Lis Shoshi

Ylli
- Position: Center
- League: Kosovo Superleague

Personal information
- Born: June 29, 1994 (age 31) Peja, FR Yugoslavia
- Nationality: Kosovan
- Listed height: 6 ft 11 in (2.11 m)
- Listed weight: 225 lb (102 kg)

Career information
- College: Howard College (2013–2015); Little Rock (2015–2017);
- NBA draft: 2017: undrafted
- Playing career: 2012–present

Career history
- 2012–2013: Besa
- 2017–2018: Sigal Prishtina
- 2018: Pieno žvaigždės
- 2018–2019: Maccabi Ashdod
- 2019: s.Oliver Würzburg
- 2021: Peja
- 2021: Maccabi Rishon LeZion
- 2023–2024: Peja
- 2024–present: Ylli

Career highlights
- Baltic League champion (2018);

= Lis Shoshi =

Kosovan basketball player

Lis Shoshi (born June 29, 1994) is a Kosovan professional basketball player for Golden Eagle Ylli in the Kosovo Superleague. He played college basketball for Howard College and University of Arkansas at Little Rock before playing professionally in Kosovo, Lithuania, and Israel.

==College career==
Shoshi played two seasons under head coach Scott Raines at Howard College, where he was named the Western Junior College Athletic Conference Defensive Player of the Year and Honorable Mention All-WJCAC in 2015.

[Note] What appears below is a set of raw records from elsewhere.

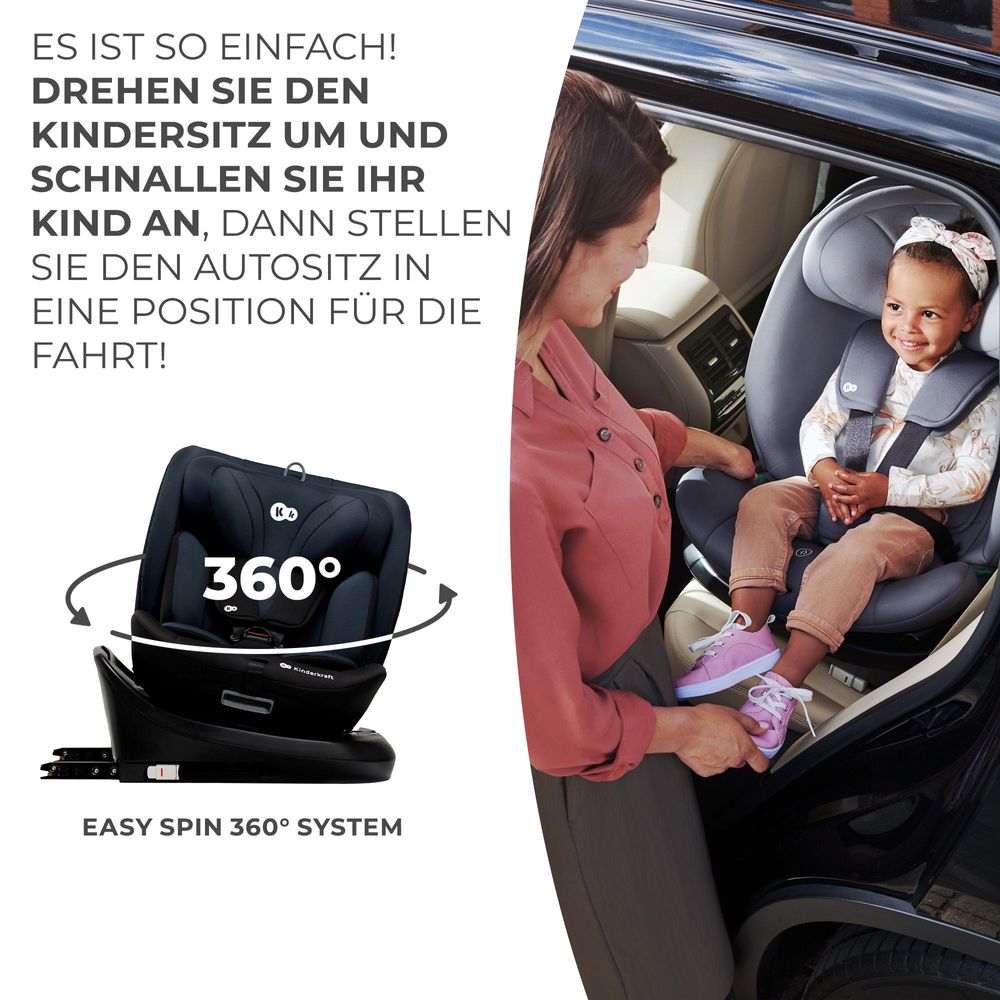 Kinderkraft I-GROW i-Size - Kindersitz 40-150 cm - 360° - RWF/FWF - H-GUARD - ISOFIX - TOP TETHER - 5-Punkt-Gurt - Verstellbare Kopfstütze - Schwarz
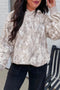 Abstract Print Ribbed Cuffs Hem Long Sleeve Hoodie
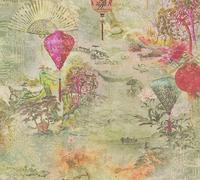 As Creation Asian Fusion Lantern Beige Green Red Wallpaper 374661
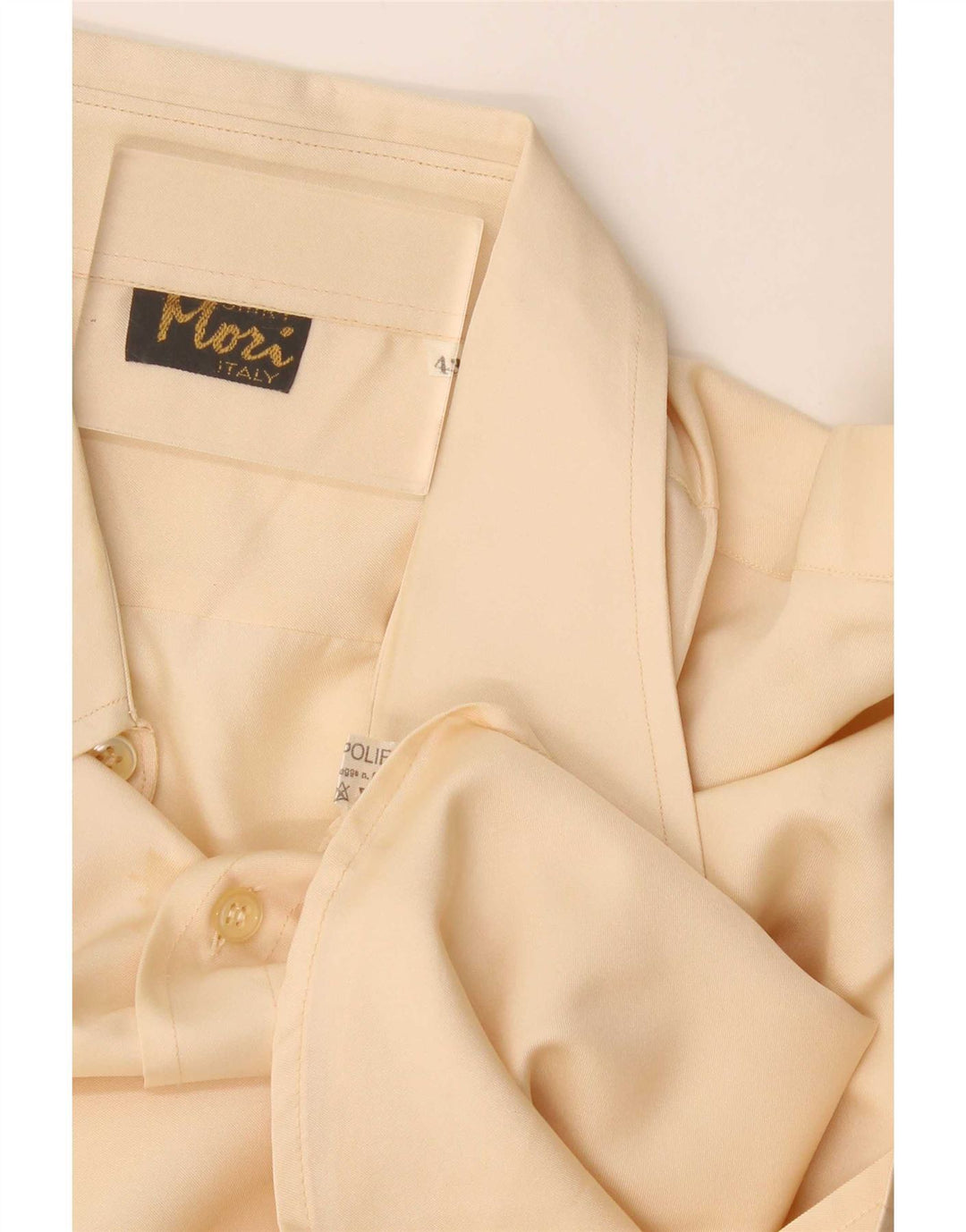 Camisa masculina vintage tamanho 43 grande poliéster bege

In his senior year at Little Rock, Shoshi averaged 8.9 points and a team-high 6.4 rebounds and 1.5 blocks per game. He led the Sun Belt Conference in blocks per game and his rebounding average ranked ninth in the Sun Belt.

==Professional career==
===2017–18 season===
On August 28, 2017, Shoshi signed with Sigal Prishtina of the Kosovo Basketball League. However, on January 5, 2018, Shoshi parted ways with Sigal Prishtina to join the Lithuanian team Pieno žvaigždės for the rest of the season. On April 21, 2018, Shoshi recorded a season-high 20 points, shooting 9-of-12 from the field, along with five rebounds in an 85–94 loss to Lietkabelis. Shoshi went on to win the 2018 Baltic League Championship with Pieno žvaigždės.

===2018–19 season===
On July 17, 2018, Shoshi signed with the Israeli team Maccabi Ashdod for the 2018–19 season, joining his national team coach Brad Greenberg.
On February 2, 2019, Shoshi recorded a double-double with a career-high 30 points and 10 rebounds, while shooting 10-of-16 from the field for 33 PIR in a 94–104 loss to Hapoel Jerusalem. In 30 games played for Ashdod, he finished the season as the league fourth-leading rebounder with 7.7 per game, to go with 12.8 points and 1.1 blocks per game.

===2019–20 season===
On June 14, 2019, Shoshi signed a one-year deal with the German team s.Oliver Würzburg.

On August 12, 2019, he parted ways with Würzburg after he suffered a shoulder injury.

===2020–21 season===
On March 16, 2021, he has signed with Peja in the Kosovo Basketball League. Shoshi averaged 14.3 points, 9.1 rebounds, and 2.2 assists per game en route to Peja winning the league title and placing as runner up in the postseason, losing the Cup final.

===2021–22 season===
On September 16, 2021, Shoshi signed with Maccabi Rishon LeZion in the Israeli Basketball Premier League.

==National team career==
Shoshi is a member of the Kosovo national basketball team. He participated in the 2019 FIBA World Cup qualification games.